At Wallace, all of our initiatives are designed with two goals in mind: to benefit the organizations we fund and to benefit those we don't fund by providing credible, relevant knowledge derived from the initiative. For that reason all of our initiatives have a learning agenda.
In our current arts initiative, for instance, we set out to understand how audience-building efforts, carried out by nonprofit performing arts organizations in a continuous learning process, could attract new audiences while retaining current ones, and, at the same time, contribute to financial health. Now, the first of three expected reports from the initiative is out: a literature review of what’s known about the relationship between audience building and financial health.
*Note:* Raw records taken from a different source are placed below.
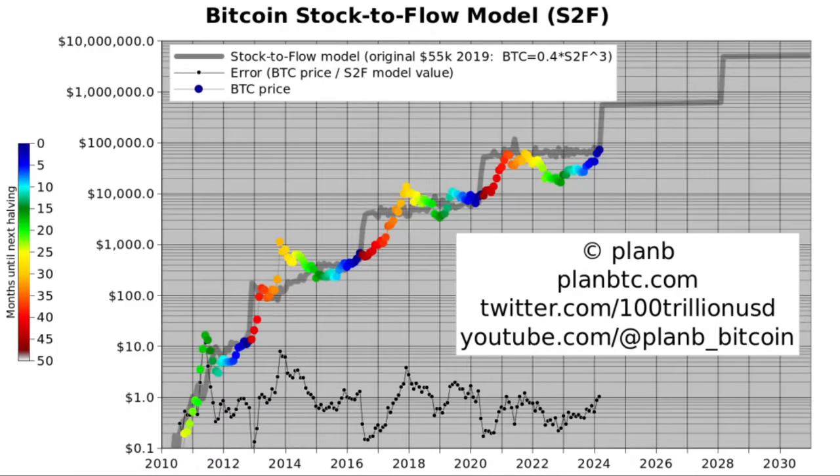Welcome back to Plan B on YouTube. Today we talk about Bitcoin's new all-time high, the halving, cycles, and a spectacular new prediction. Please subscribe to this channel because it really helps me get this content to more people.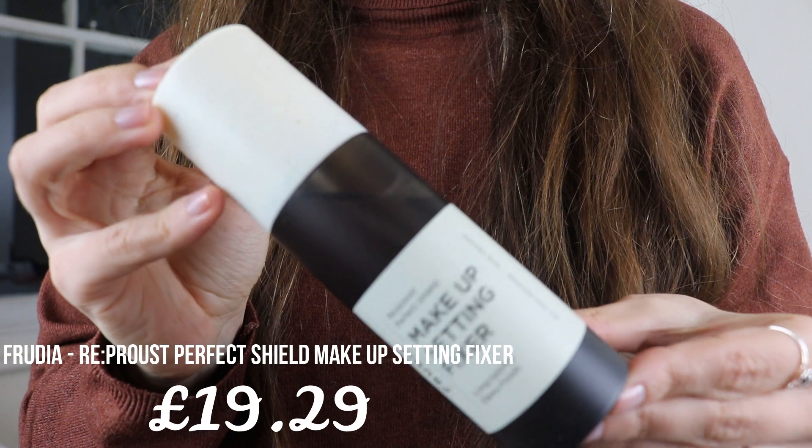Finishing off this makeup look, I'm using the Makeup Setting Fixer from a brand called Frudia — long lasting dewy finish, all day holding, vegan. I really love the packaging: very interesting texture with a sort of marble-effect lid. The attention to detail in this product is beyond words. It smells incredible and the mist is very fine — I like it, and I hope it works!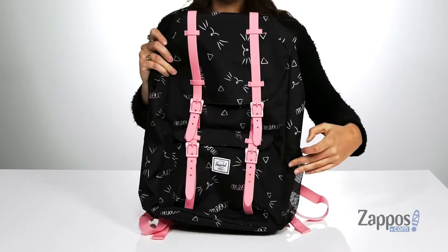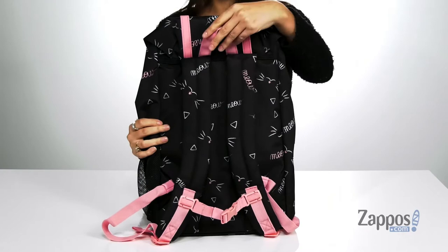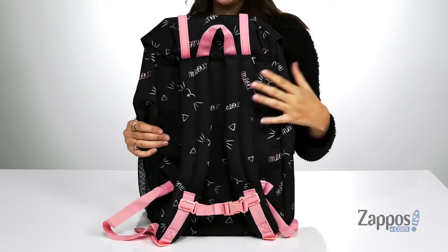It has a side slip pocket as well as a front snap pocket — these are going to be great places for storing items that your kiddo wants quick access to. At the back you will find a top carrying handle as well as two adjustable backpack straps. There's even a clip to clip those straps together.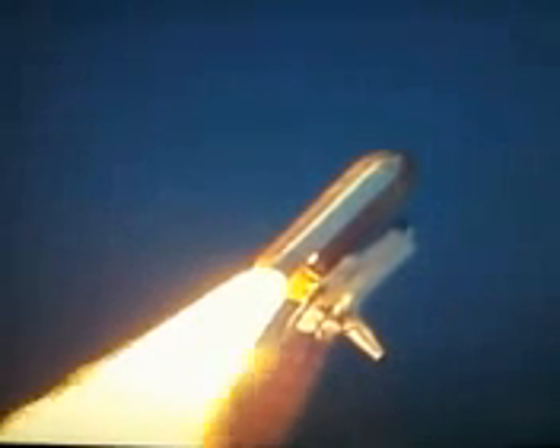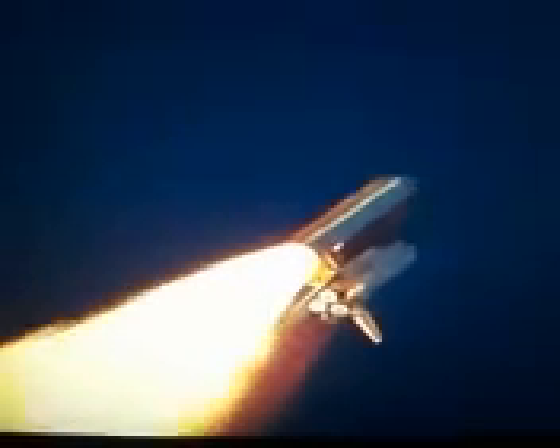Discovery is now making one last reach for the stars. Discovery's engines are now throttling down as the orbiter passes through the area of maximum pressure, reducing the stress on the shuttle as it goes supersonic.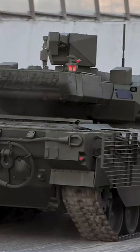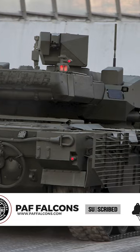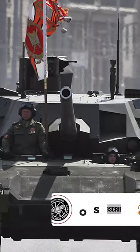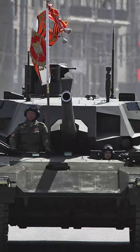The T-14 Armata is a state-of-the-art main battle tank (MBT) developed by Russia. Introduced in 2015, the Armata represents a significant leap in armored vehicle technology and showcases Russia's commitment to modernizing its military forces.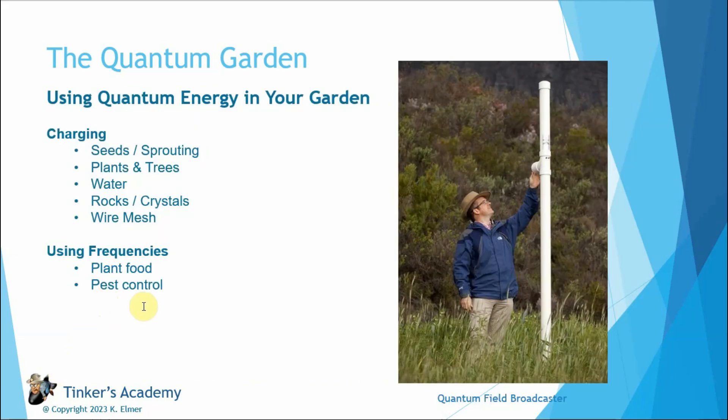The last thing I want to talk about is something not really tried yet for plants — pest control. There's been one report in the Telegram chat group of someone tinkering with pest control: they wanted to see if they could create a quantum card that would repel mosquitoes. They copied that frequency onto a card, and came back to say it works — the mosquitoes would not go near this lady when she was wearing the card charged with the frequency of mosquito repellent.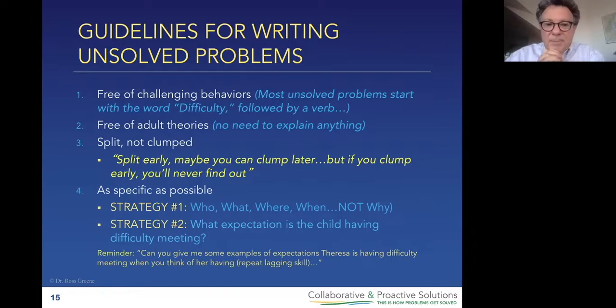Some of you are recognizing that if you're splitting instead of clumping, your list of unsolved problems could end up being very long. Your list is going to be as long as your list of unsolved problems is. You just did this kid the favor of a lifetime — you finally memorialized all of the expectations this kid's been having difficulty meeting, many of them for a very long time. Could 50 unsolved problems be overwhelming? Yes, but even more overwhelming is having absolutely no idea what those unsolved problems are, and therefore having no idea what you could be busy solving with this kid.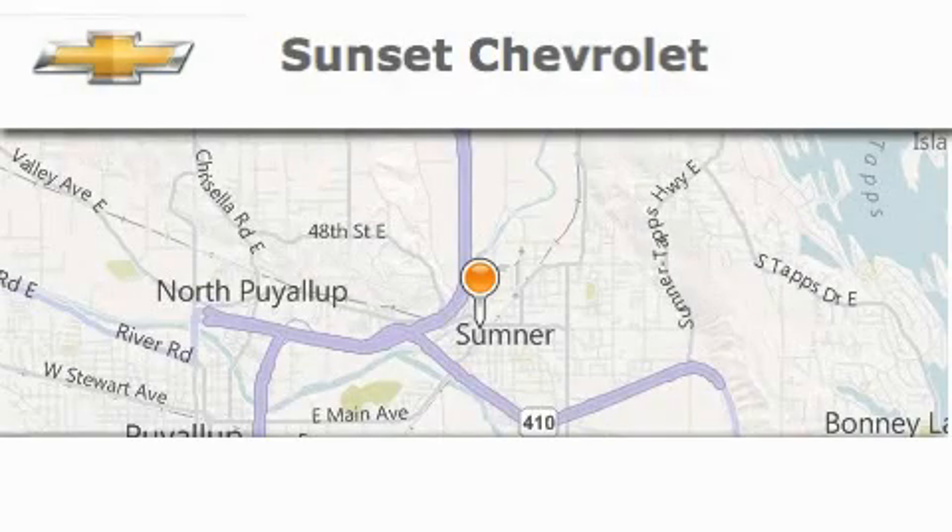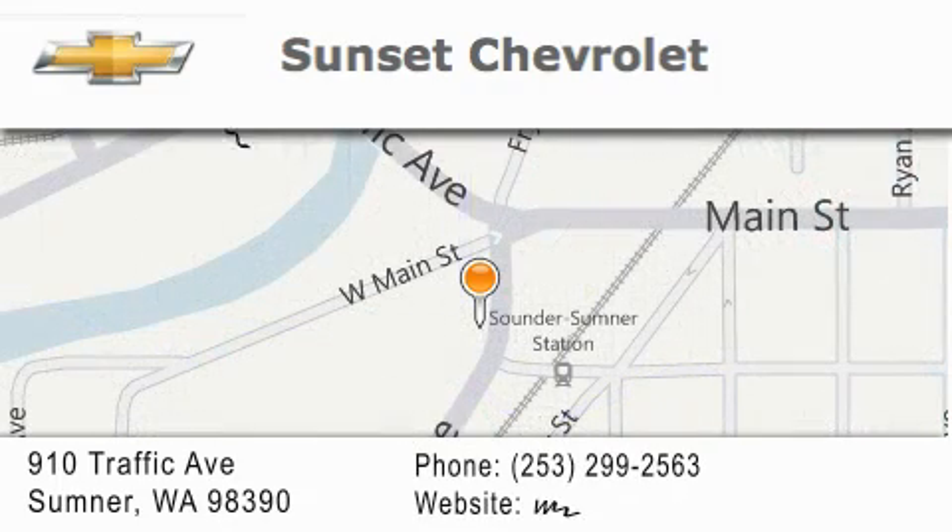Sunset Chevrolet is located at 910 Traffic Avenue in Sumner. Our goal is to exceed all of your expectations to ensure that you'll return for future visits.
Francie Ostrower, a professor in the LBJ School of Public Affairs and College of Fine Arts and a senior fellow in the RGK Center for Philanthropy and Community Service at the University of Texas, Austin, is co-author of the literature review and is leading the research effort on the initiative. In addition to the current review, Ostrower expects to publish two more reports: one on how the 25 organizations participating in the initiative implemented their efforts and another detailing the outcomes of their work.
We asked Ostrower to reflect on some of the key findings of the literature review.
What is your opinion on the state of research surrounding the topic of audience building?
The literature offers numerous intriguing leads, ideas, and case studies—but many remain to be examined more systematically to really understand the consequences of audience-building efforts of different types. Other promising lines for future development would be to build a more cohesive body of research whose individual works reference and build on one another, and to link audience-building studies to the broader literature on organizational change, learning and culture.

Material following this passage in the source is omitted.